By no coincidence, the block party took place directly across from the construction site of the new, $71 million police headquarters. The new DPD HQ represents an immense expenditure of resources that could be used instead to support a wide range of community needs, in particular related to housing, in a city where rents have been increasing drastically. Beyond city budgetary policy, however, the construction of the new headquarters at that exact site, more or less the ‘gateway’ to east Durham, is a strategic decision to better discipline and control the lower-income and especially Black communities of the eastern part of our city. If an uprising like the one that struck Charlotte last September were to happen here, for instance, this new building and its corresponding neighborhood substations would better position the police to contain and repress that struggle. Given the last several years of police shootings and protests that have increased scrutiny on DPD, the new chief of police, Cerelyn Davis, is absolutely aware of this strategic necessity.

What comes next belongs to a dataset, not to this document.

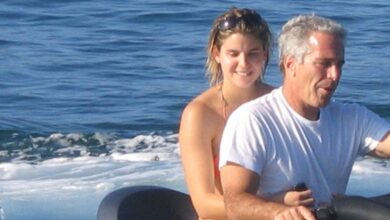 The location of Jeffrey Epstein's chantage tires unveiled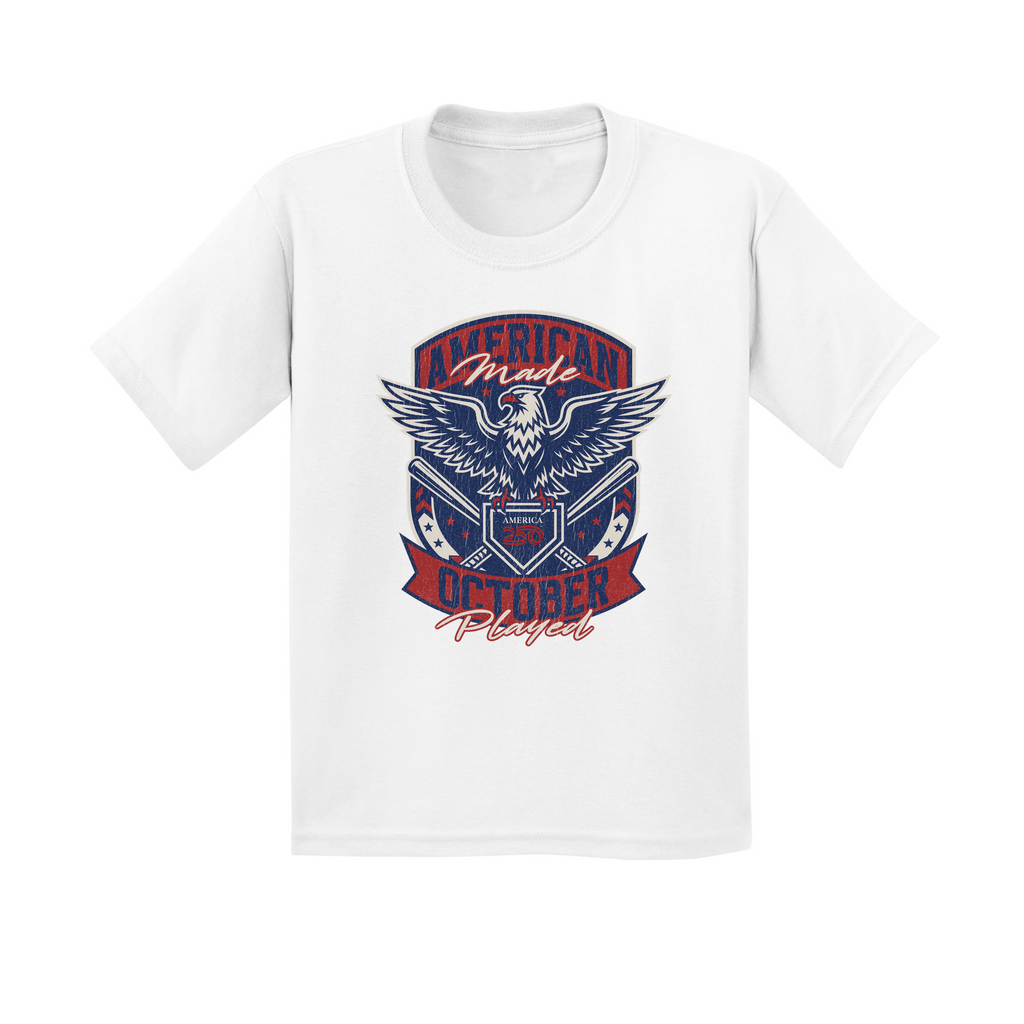 Kids Small White Style_T-Shirt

It seems like Davis’ preferred public relations strategy is one of soft or “community” policing. Even as the repressive DPD grows in size, for example, she recently responded to public anxieties over Trump’s immigration policy by announcing an end to immigration checkpoints. Left out of her announcement, however, were the facts that the Sherriff department will continue such checkpoints, that the city maintains its relationship with ICE, and will continue to participate in notoriously racist jurisdictional checkpoints like “Click it or Ticket”. This announcement can be seen as an attempt to demobilize and separate Latinx organizing against deportations from ongoing struggles against policing.
As long as there are police, however, the city of Durham will always be one giant checkpoint for Black and Brown people. In light of that reality, this block party was one event in an ongoing effort to disrupt and undermine DPD’s public relations strategy as we build our own power. In particular it was a place for folks from different communities, political backgrounds, and organizations to share a single social space that was distinct from a protest but still broadly antagonistic to the police. We need more spaces like this in Durham, and hopefully this was just one of many more to come.